Adult male Indian rhinos are usually solitary. Groups consist of females with calves, or of up to six subadults. Such groups congregate at wallows and grazing areas. They are foremost active in early mornings, late afternoons and at night, but rest during hot days. They are excellent swimmers and can run at speeds of up to 55 km/h (34 mph) for short periods. They have excellent senses of hearing and smell, but relatively poor eyesight. Indian rhinos have few natural enemies, except for tigers, which sometimes kill unguarded calves, but adult rhinos are less vulnerable due to their size.
The Indian rhinoceros forms a variety of social groupings. Adult males are generally solitary, except for mating and fighting.
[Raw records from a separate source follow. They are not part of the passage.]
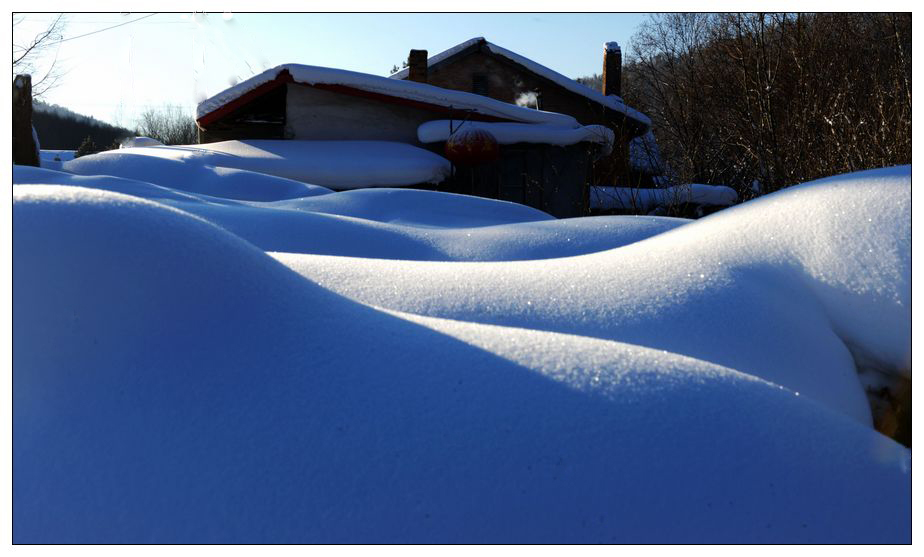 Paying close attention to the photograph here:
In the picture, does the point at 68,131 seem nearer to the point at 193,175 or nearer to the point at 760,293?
the point at 193,175

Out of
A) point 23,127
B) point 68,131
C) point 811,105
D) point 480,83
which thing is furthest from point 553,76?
point 68,131

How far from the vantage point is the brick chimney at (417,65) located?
12391mm

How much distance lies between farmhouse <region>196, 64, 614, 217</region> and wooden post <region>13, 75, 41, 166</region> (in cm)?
343

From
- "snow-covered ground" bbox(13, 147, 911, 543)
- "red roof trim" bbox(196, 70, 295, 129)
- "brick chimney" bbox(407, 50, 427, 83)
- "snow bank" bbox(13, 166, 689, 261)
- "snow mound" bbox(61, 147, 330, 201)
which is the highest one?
"brick chimney" bbox(407, 50, 427, 83)

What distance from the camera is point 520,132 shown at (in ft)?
30.2

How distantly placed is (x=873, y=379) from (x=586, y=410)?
0.84 m

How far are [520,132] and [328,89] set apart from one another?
2.37m

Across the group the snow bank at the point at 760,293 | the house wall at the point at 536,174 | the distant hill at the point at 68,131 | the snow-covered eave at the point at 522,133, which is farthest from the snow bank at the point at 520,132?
the distant hill at the point at 68,131

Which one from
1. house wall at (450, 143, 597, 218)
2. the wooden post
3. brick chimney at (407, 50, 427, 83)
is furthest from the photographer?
brick chimney at (407, 50, 427, 83)

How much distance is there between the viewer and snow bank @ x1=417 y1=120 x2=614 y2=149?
914cm

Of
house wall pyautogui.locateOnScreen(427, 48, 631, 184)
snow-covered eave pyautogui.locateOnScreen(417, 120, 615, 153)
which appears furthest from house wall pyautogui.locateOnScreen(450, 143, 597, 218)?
house wall pyautogui.locateOnScreen(427, 48, 631, 184)

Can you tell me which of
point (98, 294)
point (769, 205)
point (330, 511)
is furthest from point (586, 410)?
point (769, 205)

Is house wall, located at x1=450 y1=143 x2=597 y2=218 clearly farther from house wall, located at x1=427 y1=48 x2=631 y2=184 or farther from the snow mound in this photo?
house wall, located at x1=427 y1=48 x2=631 y2=184

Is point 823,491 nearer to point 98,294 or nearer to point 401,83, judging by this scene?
point 98,294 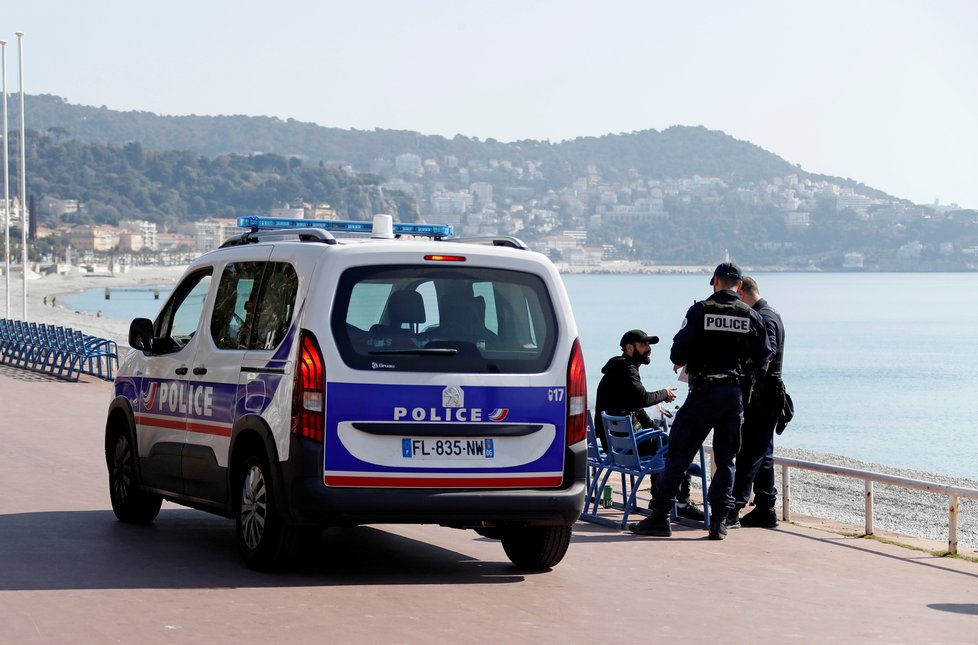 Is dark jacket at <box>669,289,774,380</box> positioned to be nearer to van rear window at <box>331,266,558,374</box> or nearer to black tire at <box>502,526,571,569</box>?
black tire at <box>502,526,571,569</box>

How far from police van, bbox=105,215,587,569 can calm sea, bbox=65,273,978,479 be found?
30.3 metres

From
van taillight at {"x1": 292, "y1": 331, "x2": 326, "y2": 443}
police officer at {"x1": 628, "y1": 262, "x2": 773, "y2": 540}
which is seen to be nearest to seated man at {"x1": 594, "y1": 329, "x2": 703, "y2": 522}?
police officer at {"x1": 628, "y1": 262, "x2": 773, "y2": 540}

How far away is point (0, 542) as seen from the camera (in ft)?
30.5

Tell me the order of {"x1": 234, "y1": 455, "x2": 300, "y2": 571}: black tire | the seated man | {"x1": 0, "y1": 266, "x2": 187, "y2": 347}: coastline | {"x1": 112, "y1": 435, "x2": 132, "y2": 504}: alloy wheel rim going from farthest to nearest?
{"x1": 0, "y1": 266, "x2": 187, "y2": 347}: coastline
the seated man
{"x1": 112, "y1": 435, "x2": 132, "y2": 504}: alloy wheel rim
{"x1": 234, "y1": 455, "x2": 300, "y2": 571}: black tire

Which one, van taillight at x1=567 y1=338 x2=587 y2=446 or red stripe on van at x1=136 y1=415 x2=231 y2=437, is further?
red stripe on van at x1=136 y1=415 x2=231 y2=437

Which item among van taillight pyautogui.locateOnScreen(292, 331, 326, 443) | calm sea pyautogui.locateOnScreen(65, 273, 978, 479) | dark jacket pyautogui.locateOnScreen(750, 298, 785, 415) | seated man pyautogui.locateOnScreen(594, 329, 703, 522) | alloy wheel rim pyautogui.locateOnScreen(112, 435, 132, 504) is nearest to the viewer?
van taillight pyautogui.locateOnScreen(292, 331, 326, 443)

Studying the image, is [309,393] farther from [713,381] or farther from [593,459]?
[593,459]

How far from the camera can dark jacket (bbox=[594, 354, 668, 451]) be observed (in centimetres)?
1141

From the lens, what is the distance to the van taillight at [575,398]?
8.36 meters

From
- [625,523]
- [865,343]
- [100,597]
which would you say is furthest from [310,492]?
[865,343]

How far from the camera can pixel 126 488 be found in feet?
33.8

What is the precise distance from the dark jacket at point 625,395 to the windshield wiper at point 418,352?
11.2 ft

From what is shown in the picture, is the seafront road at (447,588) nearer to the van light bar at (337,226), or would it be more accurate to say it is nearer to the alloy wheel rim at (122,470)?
the alloy wheel rim at (122,470)

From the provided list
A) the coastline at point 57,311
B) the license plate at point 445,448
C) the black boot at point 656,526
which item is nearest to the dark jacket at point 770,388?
the black boot at point 656,526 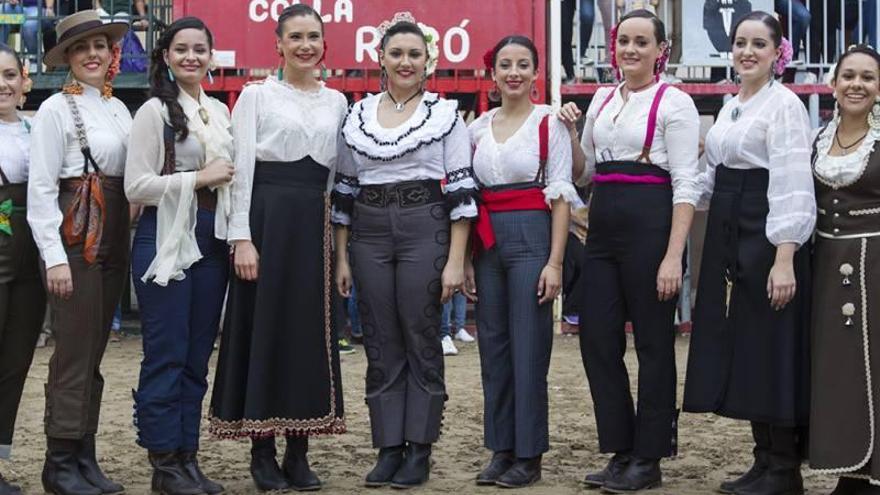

Adult females are largely solitary when they are without calves. Mothers will stay close to their calves for up to four years after their birth, sometimes allowing an older calf to continue to accompany her once a newborn calf arrives. Subadult males and females form consistent groupings, as well. Groups of two or three young males will often form on the edge of the home ranges of dominant males, presumably for protection in numbers. Young females are slightly less social than the males. Indian rhinos also form short-term groupings, particularly at forest wallows during the monsoon season and in grasslands during March and April. Groups of up to 10 rhinos may gather in wallows—typically a dominant male with females and calves, but no subadult males.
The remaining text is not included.